::: AVAILABLE DATA

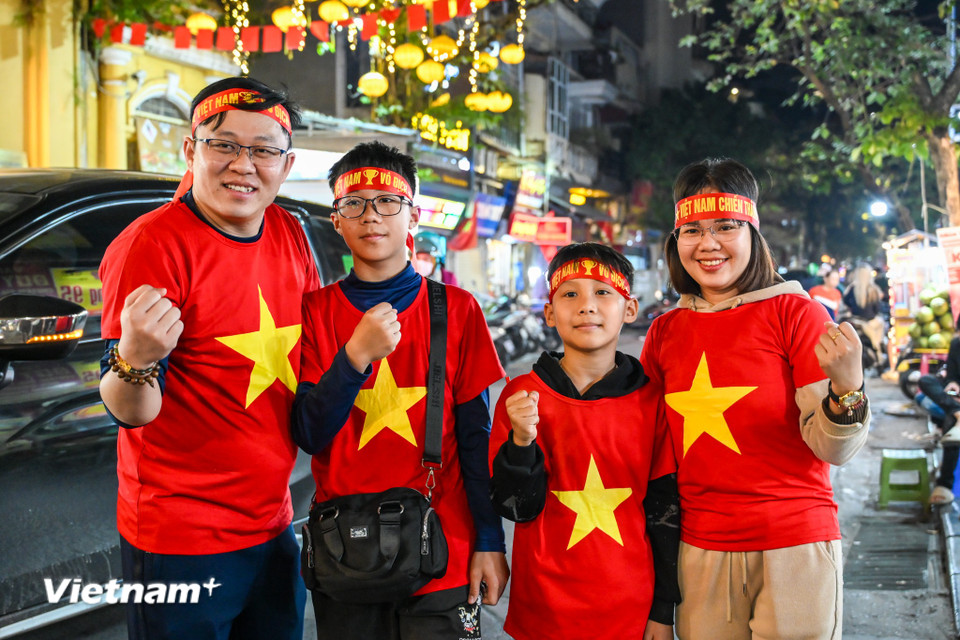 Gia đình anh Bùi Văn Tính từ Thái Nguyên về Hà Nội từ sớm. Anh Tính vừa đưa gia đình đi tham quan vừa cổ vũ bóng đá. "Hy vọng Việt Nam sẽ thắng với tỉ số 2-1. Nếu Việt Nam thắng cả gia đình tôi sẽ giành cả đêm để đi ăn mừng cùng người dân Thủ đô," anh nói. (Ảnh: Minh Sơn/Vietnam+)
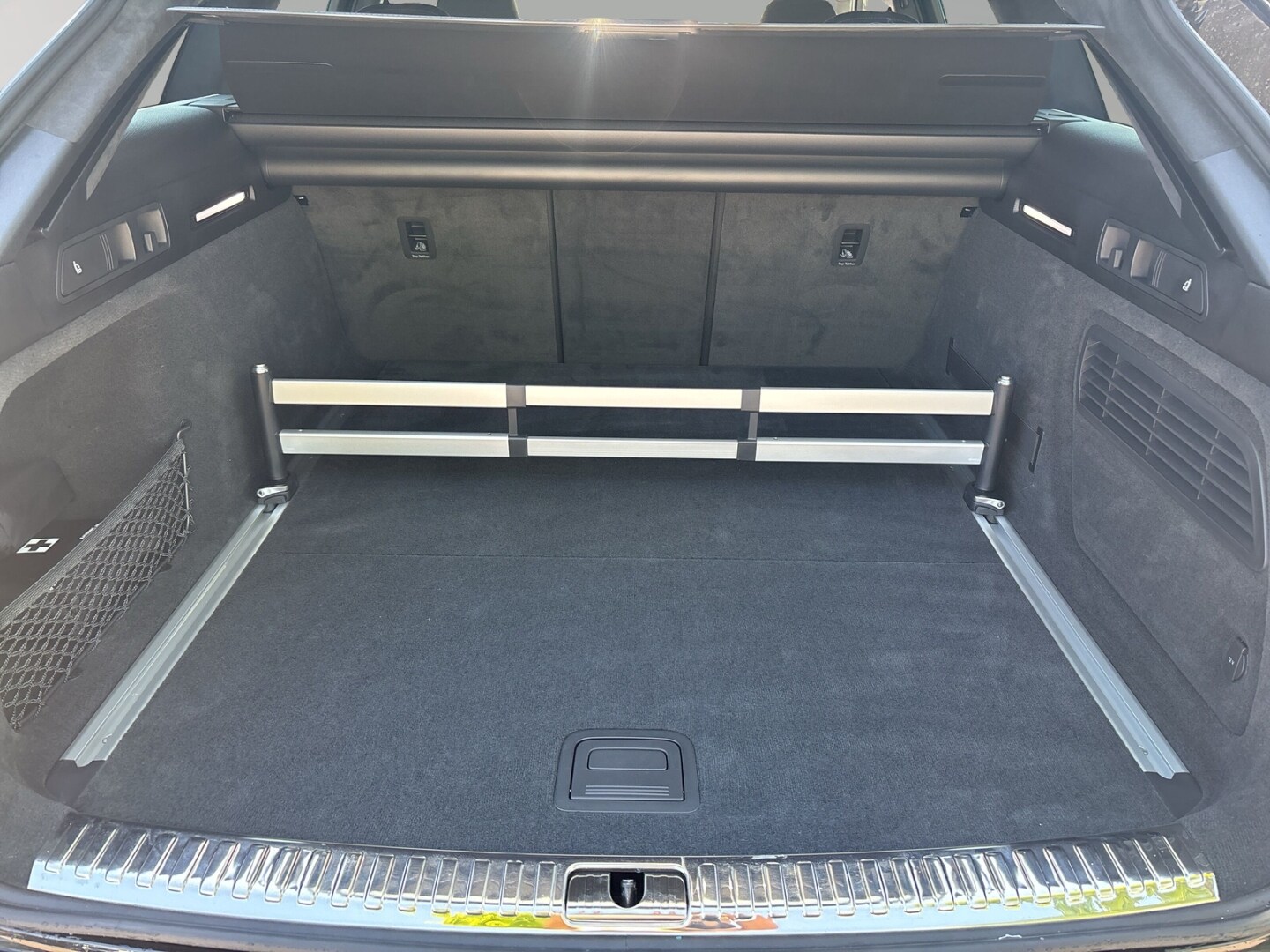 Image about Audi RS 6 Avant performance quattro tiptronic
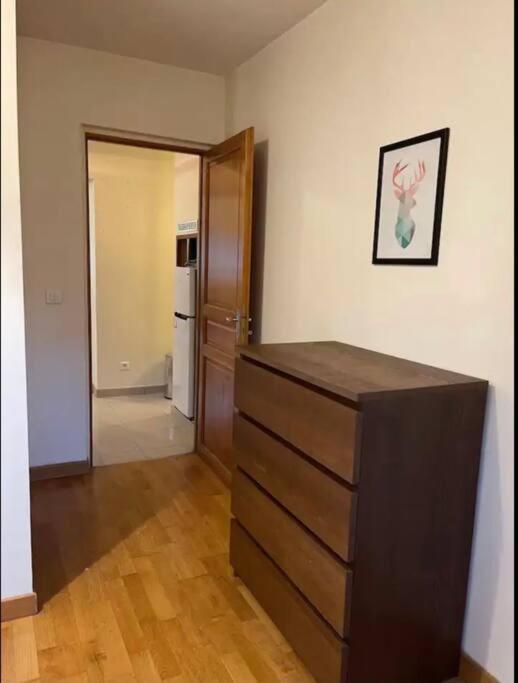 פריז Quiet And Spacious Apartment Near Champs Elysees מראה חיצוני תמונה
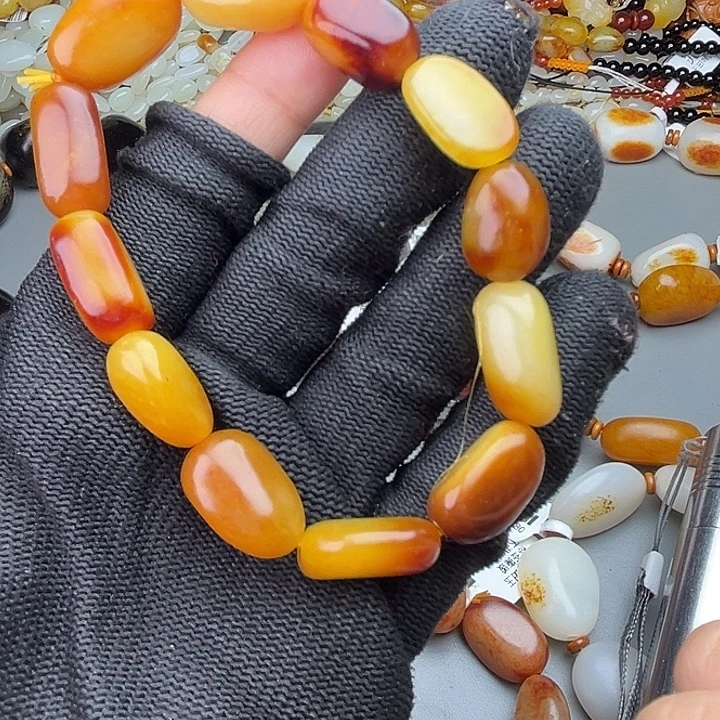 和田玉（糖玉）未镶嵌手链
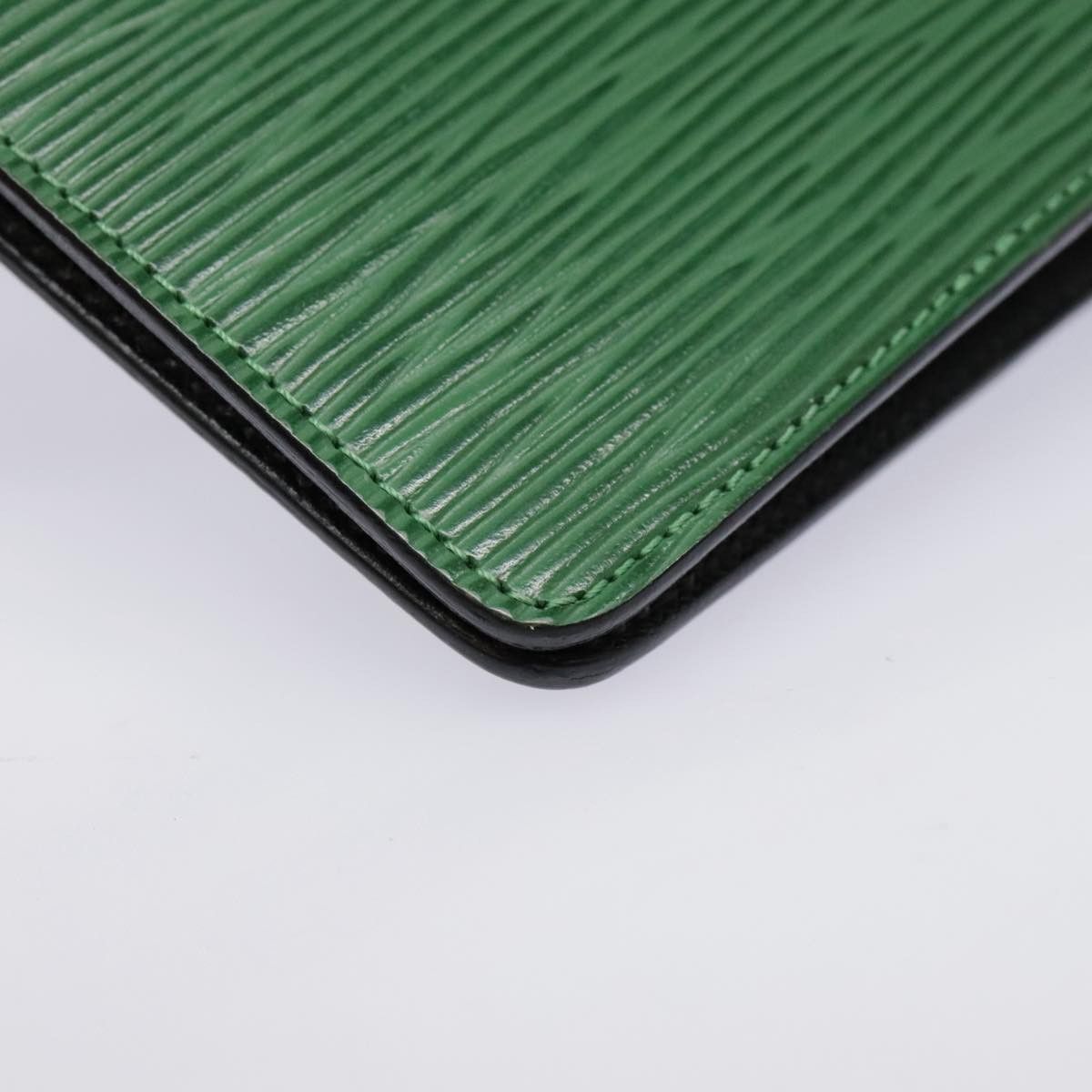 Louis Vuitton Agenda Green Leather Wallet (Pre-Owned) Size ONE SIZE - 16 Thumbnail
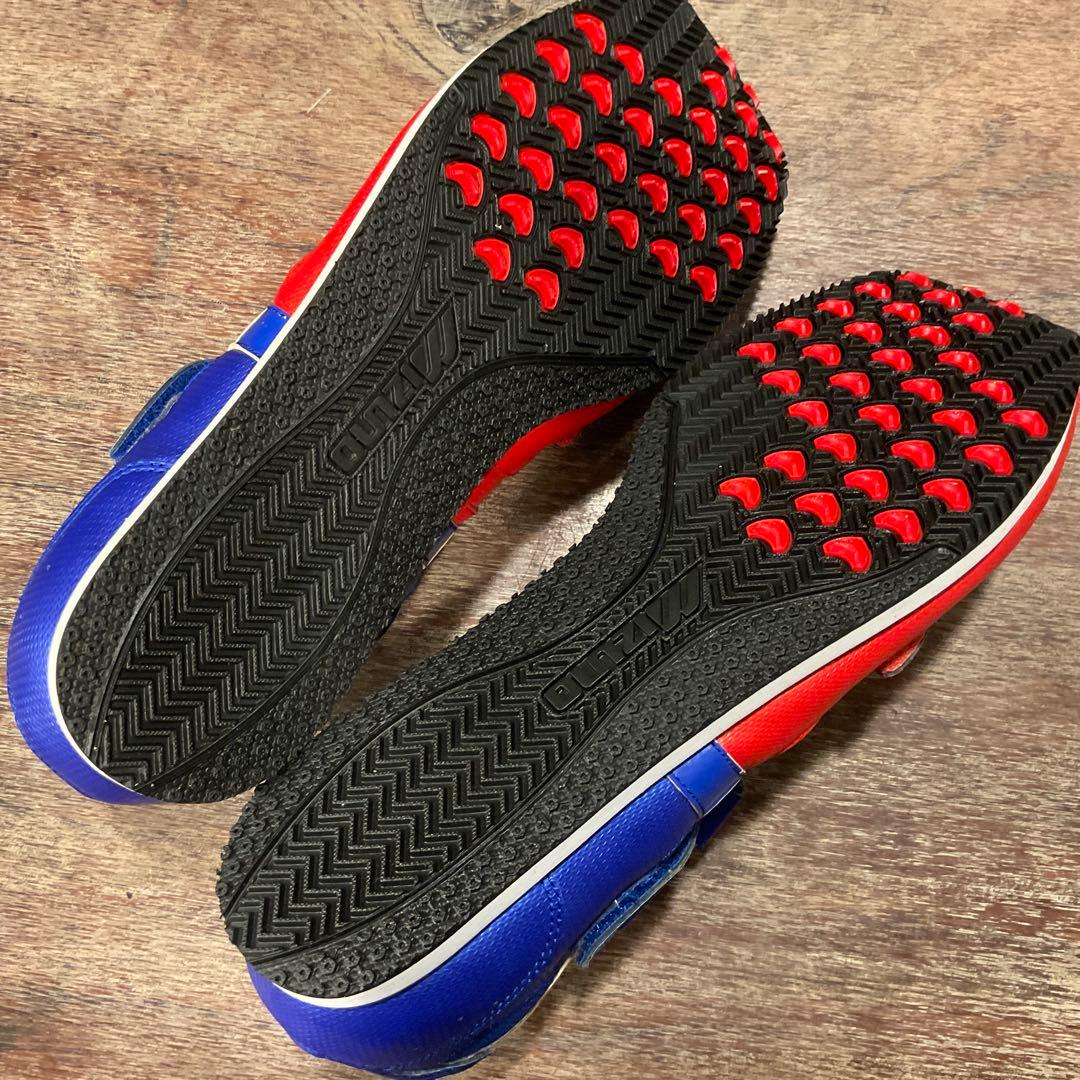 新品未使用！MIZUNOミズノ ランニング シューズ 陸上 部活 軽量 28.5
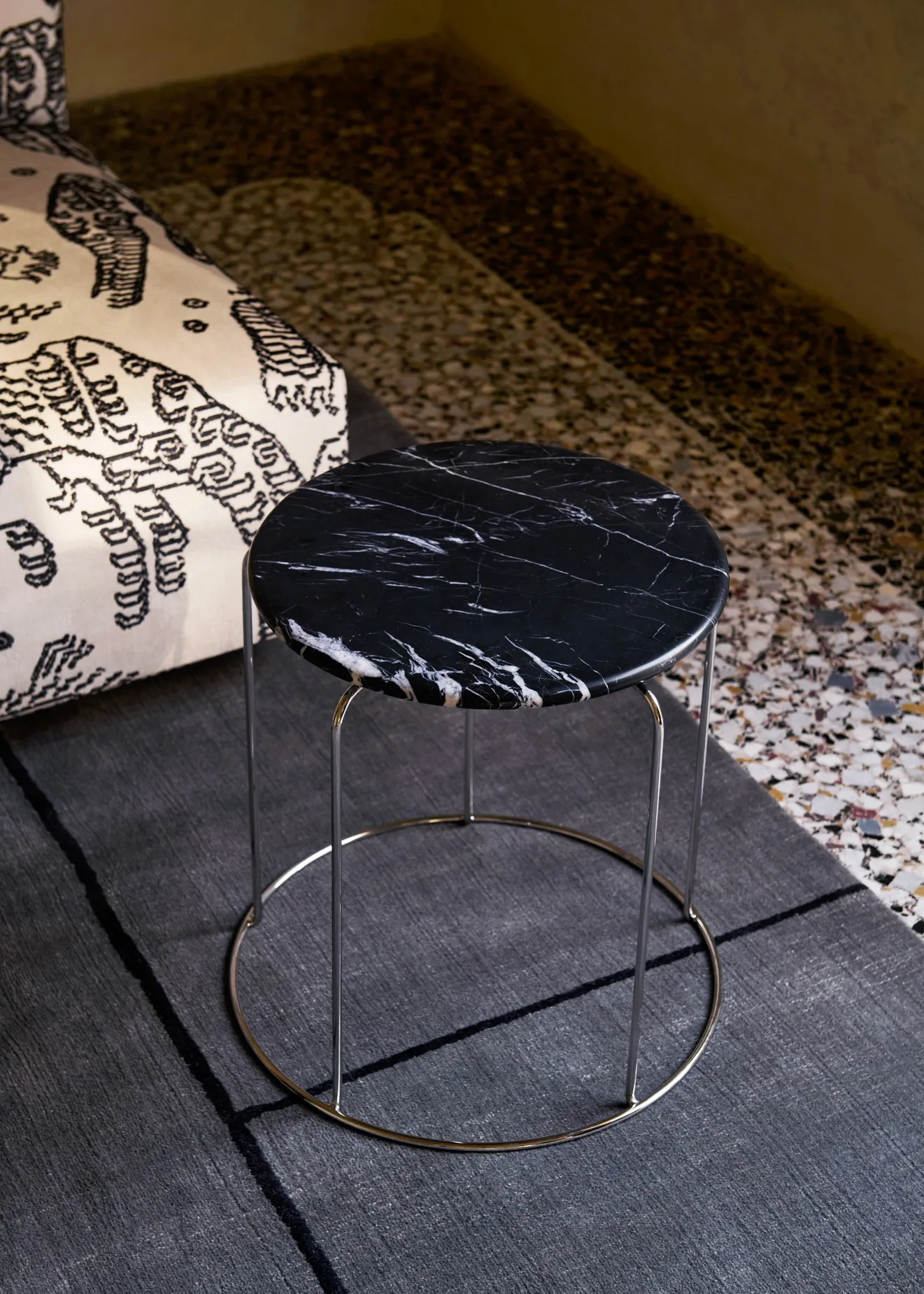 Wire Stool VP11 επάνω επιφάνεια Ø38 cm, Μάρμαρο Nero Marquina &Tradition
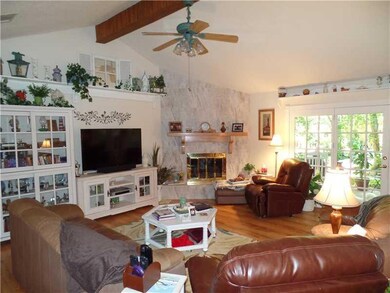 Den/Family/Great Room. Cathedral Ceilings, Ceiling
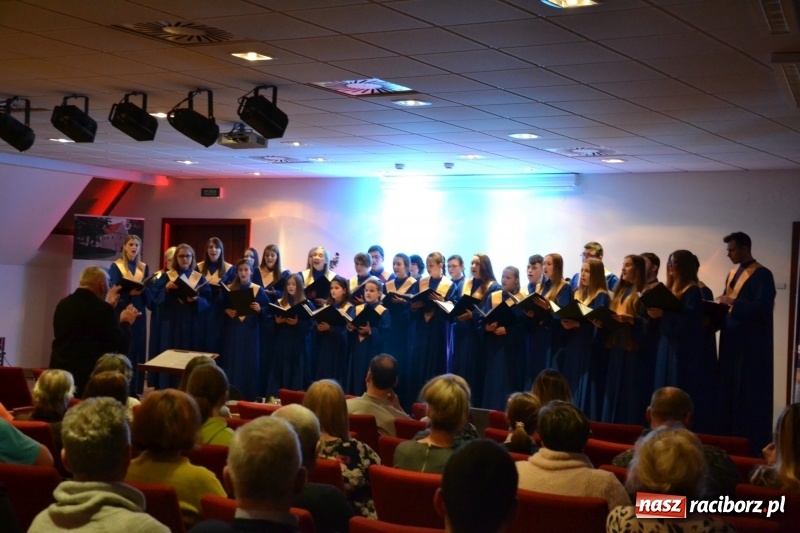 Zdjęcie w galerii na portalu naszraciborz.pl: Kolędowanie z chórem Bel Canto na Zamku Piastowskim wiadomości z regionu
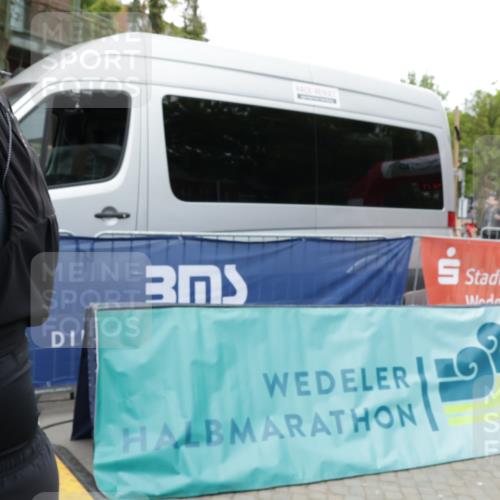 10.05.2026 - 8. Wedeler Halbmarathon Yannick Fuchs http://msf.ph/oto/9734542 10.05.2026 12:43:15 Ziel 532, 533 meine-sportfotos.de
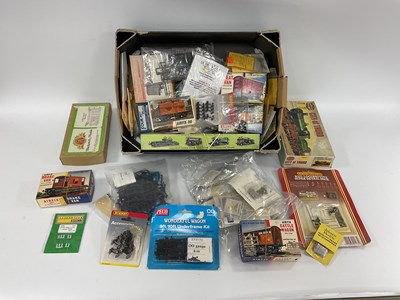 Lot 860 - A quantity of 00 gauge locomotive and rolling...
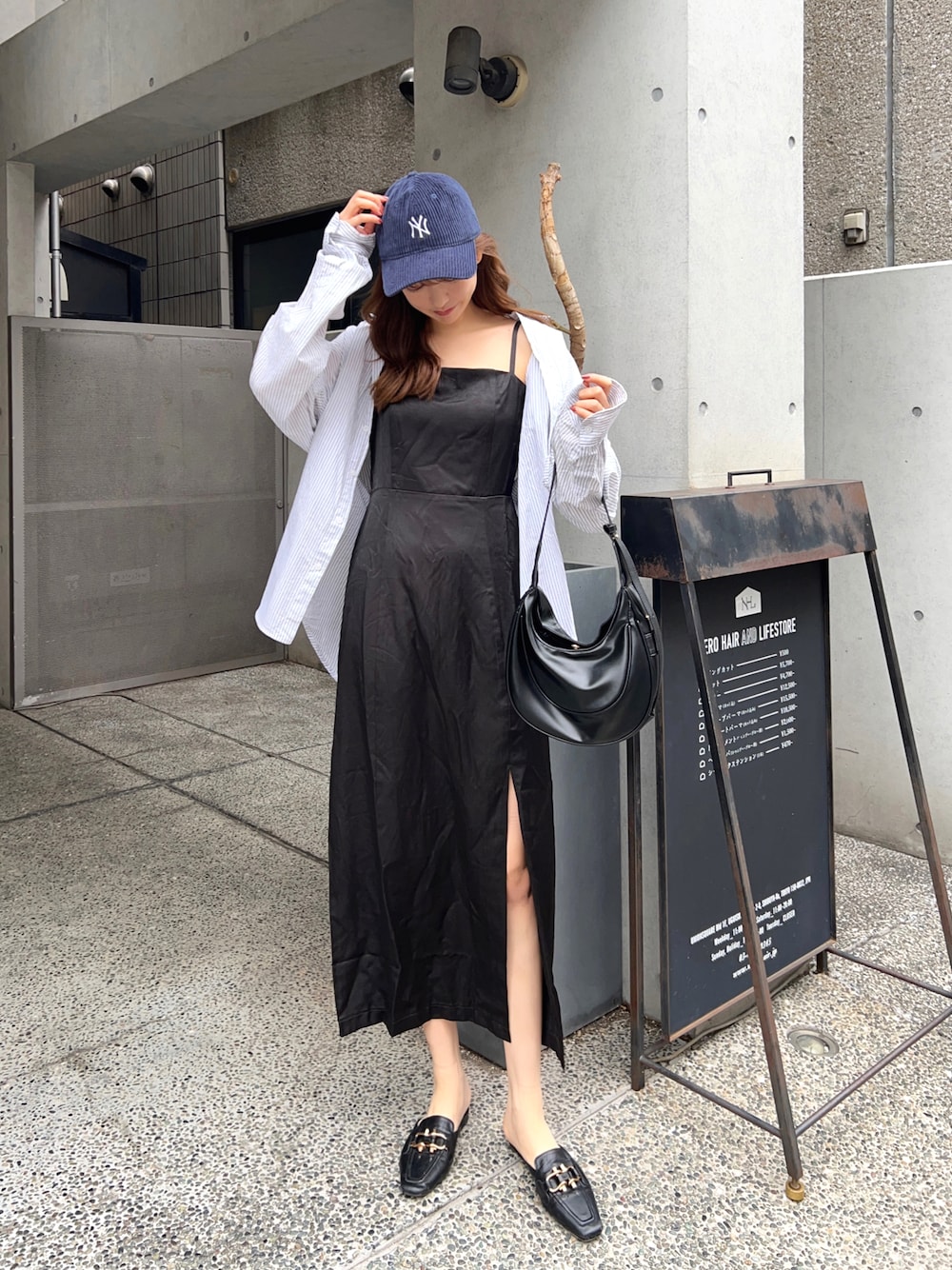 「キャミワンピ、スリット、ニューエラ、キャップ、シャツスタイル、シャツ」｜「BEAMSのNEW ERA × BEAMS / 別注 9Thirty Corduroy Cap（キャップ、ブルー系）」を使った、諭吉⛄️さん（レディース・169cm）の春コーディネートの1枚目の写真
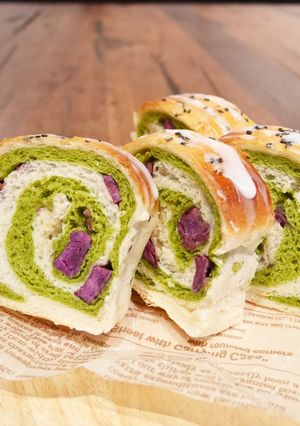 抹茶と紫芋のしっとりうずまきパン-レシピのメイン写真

::::::

◆ PROBLEM DETAILS
Return the listing above unaltered, omitting its pictures.

◆ OUTPUT
 Gia đình anh Bùi Văn Tính từ Thái Nguyên về Hà Nội từ sớm. Anh Tính vừa đưa gia đình đi tham quan vừa cổ vũ bóng đá. "Hy vọng Việt Nam sẽ thắng với tỉ số 2-1. Nếu Việt Nam thắng cả gia đình tôi sẽ giành cả đêm để đi ăn mừng cùng người dân Thủ đô," anh nói. (Ảnh: Minh Sơn/Vietnam+)
 Image about Audi RS 6 Avant performance quattro tiptronic
 פריז Quiet And Spacious Apartment Near Champs Elysees מראה חיצוני תמונה
 和田玉（糖玉）未镶嵌手链
 Louis Vuitton Agenda Green Leather Wallet (Pre-Owned) Size ONE SIZE - 16 Thumbnail
 新品未使用！MIZUNOミズノ ランニング シューズ 陸上 部活 軽量 28.5
 Wire Stool VP11 επάνω επιφάνεια Ø38 cm, Μάρμαρο Nero Marquina &Tradition
 Den/Family/Great Room. Cathedral Ceilings, Ceiling
 Zdjęcie w galerii na portalu naszraciborz.pl: Kolędowanie z chórem Bel Canto na Zamku Piastowskim wiadomości z regionu
 10.05.2026 - 8. Wedeler Halbmarathon Yannick Fuchs http://msf.ph/oto/9734542 10.05.2026 12:43:15 Ziel 532, 533 meine-sportfotos.de
 Lot 860 - A quantity of 00 gauge locomotive and rolling...
 「キャミワンピ、スリット、ニューエラ、キャップ、シャツスタイル、シャツ」｜「BEAMSのNEW ERA × BEAMS / 別注 9Thirty Corduroy Cap（キャップ、ブルー系）」を使った、諭吉⛄️さん（レディース・169cm）の春コーディネートの1枚目の写真
 抹茶と紫芋のしっとりうずまきパン-レシピのメイン写真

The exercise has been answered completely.